# Historical Event Narrator - Dataset Analysis

This notebook explores the dataset generated for the Historical Event Narrator project. We analyze token lengths, keyword distribution, and overall data quality.

In [None]:
import json
import matplotlib.pyplot as plt
import pandas as pd
from collections import Counter
from wordcloud import WordCloud

In [None]:
# Load Data
data_path = "../data/processed/train.jsonl"
data = []
with open(data_path, 'r') as f:
    for line in f:
        data.append(json.loads(line))

df = pd.DataFrame(data)
print(f"Total Examples: {len(df)}")
df.head()

## 1. Instruction Distribution
Let's see which instructions are most common.

In [None]:
plt.figure(figsize=(10, 6))
df['instruction'].value_counts().plot(kind='barh', color='skyblue')
plt.title("Instruction Distribution")
plt.xlabel("Count")
plt.show()

## 2. Word Cloud of Titles
What historical events are we covering?

In [None]:
text = " ".join(df['input'].tolist())
wordcloud = WordCloud(width=800, height=400, background_color='white').generate(text)

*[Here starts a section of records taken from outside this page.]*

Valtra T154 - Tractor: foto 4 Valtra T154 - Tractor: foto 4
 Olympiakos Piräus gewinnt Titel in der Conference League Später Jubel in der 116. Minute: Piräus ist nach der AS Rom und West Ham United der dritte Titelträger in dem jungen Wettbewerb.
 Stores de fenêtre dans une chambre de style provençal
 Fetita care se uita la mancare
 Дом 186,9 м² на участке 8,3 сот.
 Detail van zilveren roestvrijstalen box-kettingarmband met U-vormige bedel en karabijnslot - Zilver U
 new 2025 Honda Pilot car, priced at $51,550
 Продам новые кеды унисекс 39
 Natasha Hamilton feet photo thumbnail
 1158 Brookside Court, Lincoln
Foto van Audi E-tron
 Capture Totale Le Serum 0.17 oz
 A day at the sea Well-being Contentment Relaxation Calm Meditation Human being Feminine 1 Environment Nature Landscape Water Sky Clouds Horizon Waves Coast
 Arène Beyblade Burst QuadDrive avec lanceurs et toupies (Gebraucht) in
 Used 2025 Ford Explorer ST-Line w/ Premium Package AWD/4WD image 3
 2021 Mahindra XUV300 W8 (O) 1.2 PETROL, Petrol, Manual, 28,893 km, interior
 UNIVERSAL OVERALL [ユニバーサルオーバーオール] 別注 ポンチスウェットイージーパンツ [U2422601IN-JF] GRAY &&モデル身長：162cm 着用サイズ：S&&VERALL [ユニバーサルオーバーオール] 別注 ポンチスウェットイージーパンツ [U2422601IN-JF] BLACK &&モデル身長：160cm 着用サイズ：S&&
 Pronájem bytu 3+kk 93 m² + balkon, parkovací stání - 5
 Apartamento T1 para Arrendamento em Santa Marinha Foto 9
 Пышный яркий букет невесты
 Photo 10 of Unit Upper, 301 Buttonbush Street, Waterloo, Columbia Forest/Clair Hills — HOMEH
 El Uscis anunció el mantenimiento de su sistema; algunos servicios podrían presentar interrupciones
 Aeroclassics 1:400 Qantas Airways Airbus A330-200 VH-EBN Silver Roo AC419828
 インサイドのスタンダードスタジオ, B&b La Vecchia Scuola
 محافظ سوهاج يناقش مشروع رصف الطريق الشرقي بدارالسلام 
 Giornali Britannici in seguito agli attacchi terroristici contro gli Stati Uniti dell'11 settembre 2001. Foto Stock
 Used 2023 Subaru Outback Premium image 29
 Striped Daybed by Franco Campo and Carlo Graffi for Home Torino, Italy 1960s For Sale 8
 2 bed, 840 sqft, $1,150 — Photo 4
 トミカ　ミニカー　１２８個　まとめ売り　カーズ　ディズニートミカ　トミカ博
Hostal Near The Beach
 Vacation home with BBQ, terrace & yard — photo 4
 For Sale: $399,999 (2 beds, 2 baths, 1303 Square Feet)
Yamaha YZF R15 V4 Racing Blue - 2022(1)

plt.figure(figsize=(10, 5))
plt.imshow(wordcloud, interpolation='bilinear')
plt.axis('off')
plt.title("Common Words in Event Titles")
plt.show()

## 3. Length Analysis
How long are the narratives?

In [None]:
df['length'] = df['output'].apply(lambda x: len(x.split()))

plt.figure(figsize=(10, 6))
plt.hist(df['length'], bins=50, color='salmon', edgecolor='black')
plt.title("Narrative Length Distribution (Words)")
plt.xlabel("Word Count")
plt.ylabel("Frequency")
plt.show()